When I first encountered the thought of Jürgen Moltmann I did so with great enthusiasm. By the time I had completed a PhD on him I was aware of his faults and weary of his elusiveness. This book rekindled my enthusiasm and made me aware of the extent to which Moltmann has influenced my thinking.

Geiko Müller-Fahrenholz, a former pupil of Moltmann, has written a good introduction to his thought. It is described as an ‘aid to reading’ and is, for the most part, a summary of Moltmann’s major works book by book, sometimes chapter by chapter. Yet it remains engagingly written throughout. A summary can easily dull the rhetorical force of the original, but Müller-Fahrenholz has managed to retain much of the energy of Moltmann’s writing while providing an accurate account of his thought. The early chapters are more powerful, but this, in the opinion of this reviewer, reflects the development of Moltmann’s own work.

Described as a ‘theology’, it is also part biography. A feature of Moltmann’s development has been the extent to which he has engaged with contemporary issues and one of the strengths of this introduction is the links it makes between Moltmann’s life and thought. Müller-Fahrenholz writes powerfully about Moltmann’s post-war imprisonment, his encounters with liberation theology, his interaction with the civil rights movement, feminism, and ecological issues. He shows how this personal history has impacted Moltmann’s thinking and includes a helpful chapter in which he gathers together the various fragments of Moltmann’s ethical writings.

Müller-Fahrenholz offers some critique of Moltmann, but this is not a strength of the book.
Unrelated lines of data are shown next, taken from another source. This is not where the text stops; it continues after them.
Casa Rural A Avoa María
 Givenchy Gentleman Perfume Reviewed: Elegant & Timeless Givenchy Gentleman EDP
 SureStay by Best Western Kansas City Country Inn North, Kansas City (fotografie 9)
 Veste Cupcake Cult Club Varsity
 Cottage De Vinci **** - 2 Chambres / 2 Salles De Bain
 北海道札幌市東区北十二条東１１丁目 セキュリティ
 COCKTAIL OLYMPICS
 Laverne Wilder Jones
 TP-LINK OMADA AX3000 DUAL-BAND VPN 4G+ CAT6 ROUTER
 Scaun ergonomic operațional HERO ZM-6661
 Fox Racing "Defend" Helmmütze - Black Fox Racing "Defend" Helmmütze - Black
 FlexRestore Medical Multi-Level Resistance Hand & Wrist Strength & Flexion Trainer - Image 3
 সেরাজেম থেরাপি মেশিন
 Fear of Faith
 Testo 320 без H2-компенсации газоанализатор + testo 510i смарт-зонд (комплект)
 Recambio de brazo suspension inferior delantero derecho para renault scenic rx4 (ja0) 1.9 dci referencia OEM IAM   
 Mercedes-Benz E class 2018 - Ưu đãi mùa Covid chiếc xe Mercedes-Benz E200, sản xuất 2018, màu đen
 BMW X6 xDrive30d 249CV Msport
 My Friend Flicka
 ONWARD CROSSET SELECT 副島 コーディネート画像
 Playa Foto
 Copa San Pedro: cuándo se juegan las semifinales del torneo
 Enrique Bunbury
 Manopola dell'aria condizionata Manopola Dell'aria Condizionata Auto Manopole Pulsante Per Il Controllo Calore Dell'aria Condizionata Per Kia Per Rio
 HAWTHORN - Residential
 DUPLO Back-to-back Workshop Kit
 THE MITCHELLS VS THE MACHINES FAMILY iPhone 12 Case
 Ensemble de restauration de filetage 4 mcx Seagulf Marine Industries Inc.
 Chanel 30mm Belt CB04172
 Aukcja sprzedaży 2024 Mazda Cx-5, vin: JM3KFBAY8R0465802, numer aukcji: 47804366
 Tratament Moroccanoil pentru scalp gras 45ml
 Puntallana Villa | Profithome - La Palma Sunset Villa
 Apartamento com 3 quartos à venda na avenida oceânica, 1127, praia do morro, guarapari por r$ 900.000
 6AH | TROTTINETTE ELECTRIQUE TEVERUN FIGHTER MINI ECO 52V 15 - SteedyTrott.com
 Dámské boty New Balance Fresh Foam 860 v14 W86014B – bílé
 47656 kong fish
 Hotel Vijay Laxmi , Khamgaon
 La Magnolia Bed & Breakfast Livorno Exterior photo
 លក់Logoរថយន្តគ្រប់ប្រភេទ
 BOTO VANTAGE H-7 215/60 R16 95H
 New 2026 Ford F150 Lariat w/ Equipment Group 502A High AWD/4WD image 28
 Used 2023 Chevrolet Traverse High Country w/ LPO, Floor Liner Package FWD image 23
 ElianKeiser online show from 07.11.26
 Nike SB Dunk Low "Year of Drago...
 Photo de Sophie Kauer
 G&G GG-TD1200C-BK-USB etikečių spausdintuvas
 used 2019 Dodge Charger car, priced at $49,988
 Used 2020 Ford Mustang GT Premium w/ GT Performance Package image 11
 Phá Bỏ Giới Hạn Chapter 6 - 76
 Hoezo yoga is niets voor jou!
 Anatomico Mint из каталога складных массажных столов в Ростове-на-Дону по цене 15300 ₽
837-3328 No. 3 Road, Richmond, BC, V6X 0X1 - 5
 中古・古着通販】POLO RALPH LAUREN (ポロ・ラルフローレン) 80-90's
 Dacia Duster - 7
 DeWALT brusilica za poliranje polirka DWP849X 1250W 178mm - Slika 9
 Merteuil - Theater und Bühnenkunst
He fails to highlight the important emphasis in Moltmann’s early thought on God’s future as adventus (a coming reality in contradiction to the present) rather than futurum (an extension of the present)—an emphasis which becomes problematic when Moltmann develops his doctrine of creation. At a number of points throughout the book Müller-Fahrenholz wonders whether we should regard Moltmann as a mystical writer. This is a suggestive idea, but its reprise in the final chapter is disappointing.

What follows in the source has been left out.